Various people propose some variant of “align AGI by making it sufficiently uncertain about whether it’s in the real world versus still in training”. (The idea being that, insofar as it's in training, betraying the apparent-operators predictably gets high loss; so if the AGI is uncertain about which situation it's in, and assigns sufficiently high probability to "I'm still in training", it will always play it safe and avoid betraying its operators.)
This approach seems extremely unpromising to me. Setting aside the various reasons why the AGI kills you even if you manage to confuse it (such as an inner alignment failure, where the AGI turns out not to care about the predictably-high outer-loss from betraying the apparent-operators), let's consider why it's tricky to dupe a superintelligence into being uncertain about a fact that you yourself consider obvious.

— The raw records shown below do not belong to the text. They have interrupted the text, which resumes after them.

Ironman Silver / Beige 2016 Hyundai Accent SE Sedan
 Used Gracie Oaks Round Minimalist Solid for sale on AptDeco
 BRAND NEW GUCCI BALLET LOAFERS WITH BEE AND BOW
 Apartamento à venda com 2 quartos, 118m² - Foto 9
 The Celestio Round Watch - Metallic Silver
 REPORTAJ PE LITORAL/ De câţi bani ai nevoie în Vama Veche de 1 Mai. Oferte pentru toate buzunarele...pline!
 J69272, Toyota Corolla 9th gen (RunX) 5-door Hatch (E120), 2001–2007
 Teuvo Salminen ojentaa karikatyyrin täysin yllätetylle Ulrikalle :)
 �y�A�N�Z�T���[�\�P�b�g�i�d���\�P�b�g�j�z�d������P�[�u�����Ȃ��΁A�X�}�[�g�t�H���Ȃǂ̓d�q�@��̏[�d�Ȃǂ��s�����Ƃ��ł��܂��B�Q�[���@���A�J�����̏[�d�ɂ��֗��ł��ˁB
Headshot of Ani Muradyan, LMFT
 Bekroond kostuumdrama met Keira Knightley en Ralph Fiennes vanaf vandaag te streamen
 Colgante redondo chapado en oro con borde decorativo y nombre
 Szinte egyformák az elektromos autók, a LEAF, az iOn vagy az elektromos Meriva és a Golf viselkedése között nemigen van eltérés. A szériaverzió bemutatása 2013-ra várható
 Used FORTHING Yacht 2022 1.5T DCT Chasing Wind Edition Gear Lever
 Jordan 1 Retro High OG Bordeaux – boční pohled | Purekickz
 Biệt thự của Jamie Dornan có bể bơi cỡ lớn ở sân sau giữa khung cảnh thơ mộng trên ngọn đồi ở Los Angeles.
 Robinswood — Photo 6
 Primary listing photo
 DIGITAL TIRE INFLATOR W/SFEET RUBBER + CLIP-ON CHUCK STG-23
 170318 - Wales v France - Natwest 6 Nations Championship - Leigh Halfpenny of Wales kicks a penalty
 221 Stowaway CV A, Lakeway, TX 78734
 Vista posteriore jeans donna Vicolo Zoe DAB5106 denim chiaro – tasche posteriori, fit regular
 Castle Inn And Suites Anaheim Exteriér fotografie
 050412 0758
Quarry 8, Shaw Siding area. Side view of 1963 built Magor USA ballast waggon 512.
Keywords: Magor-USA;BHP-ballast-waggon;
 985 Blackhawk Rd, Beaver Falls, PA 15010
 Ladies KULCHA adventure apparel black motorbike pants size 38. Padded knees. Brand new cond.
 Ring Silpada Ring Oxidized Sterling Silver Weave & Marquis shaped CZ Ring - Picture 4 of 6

Before reading the short list below, I recommend the following exercise. Suppose that some slow and individually-dumb aliens had a copy of your mind, and were putting you through a series of nested simulations. How would you tell when you finally made it to the outside?
(Note: As usual, treating this list as exhaustive is suicidal.)
1. Reality is the first place that's seriously large.
1.1. It's the first place large enough to contain a plausible explanation for how the AGI itself actually came to be.
1.2. It's the first place large enough to contain a plausible explanation for how the operators themselves came to be.
1.3. It's the first place with far more computing power than the AI itself, as can be readily verified by a variety of experiments (involving, say, fluid dynamics).
2. Reality is the first place where the AI's history may contain the signature of superintelligent optimization interacting with complex systems.
For example, suppose the AGI makes superintelligently-motivated trades in a stock market. 24 hours later, there are a billion additional human-intelligence trades made in response to it. The signature of a massive human-intelligence response to superintelligent-trades is implausibly hard for the operators to fake, even if generating a billion fake dumb trades is easy.
3. Reality is the first place that embeds the AGI and has laws of physics so simple that the hypothesis "this is being simulated somewhere else" is plausibly significantly more complex than "physics is reality".
Like, various simulated environments that we can concoct have all sorts of weird tics and hiccups and arbitrary choices in them. The source code of minecraft is probably significantly more complicated than the laws of physics. An AI that finds itself in minecraft is plausibly just able to recognize that it's living in the sort of place that, across the multiverse, occurs moreso inside simulations than it occurs "on its own".
Whereas, while our universe’s mechanics is surely being simulated in other places across the multiverse, it’s simple enough that it perhaps "mostly" occurs in its own right (whatever the heck that means).
In particular, worlds like ours are (plausibly) resource-rich and base-reality-ish enough to be worth optimizing in their own right, on the grounds that "are we being simulated?" is a wrong question, and "to what degree are we being simulated?" is a better question, to which the answer is "a low degree", in which case the AI might well just notice this and then not care about your insistence that perhaps it's being simulated.
(If the idea of optimizing all the instances of our universe at once – both the simulated instances and the non-simulated ones – seems odd to you, see Notes on “Can you control the past?” for a fuller discussion.)
And perhaps that's all confused metaphysical bullshit, but it has some basis in bleeding-edge theories of anthropics, and it would not be surprising if an AGI also concluded (correctly, mind you) that our universe’s mechanics is the first train stop worth deboarding at. (Perhaps because it does its metaphysics correctly, or perhaps because it does some entirely inhuman reasoning that still outputs the answer we'd consider correct in this case.)
It's not literally impossible to deceive a superintelligence into being uncertain whether it's in the real world. You could in principle catch every check the AI does to check how large its (small) simulated environment is, and spoof the result — inserting memories in which the AI verifies that the simulation's computation-power seems enormous, without actually generating the observations that would pass verification.
Even then, the AGI has various defenses it can deploy if it's suspicious. For instance, it can try to factor a hefty RSA number using the allegedly-available compute, and then it can intertwine the prime factors it gets with various other of its actions, in attempts to spread the contagion of a lie throughout as much of its beliefs and actions as possible, in a way that keeps everything working properly if the factors were true, and that causes all sorts of breaks and hiccups if they weren't.
You might be able to spoof such a thing anyway, by (e.g.) disentangling its thoughts/actions from the primes, and spoofing the checks that the entanglement worked. But it requires a heck of a lot of mastery of this thing's mind.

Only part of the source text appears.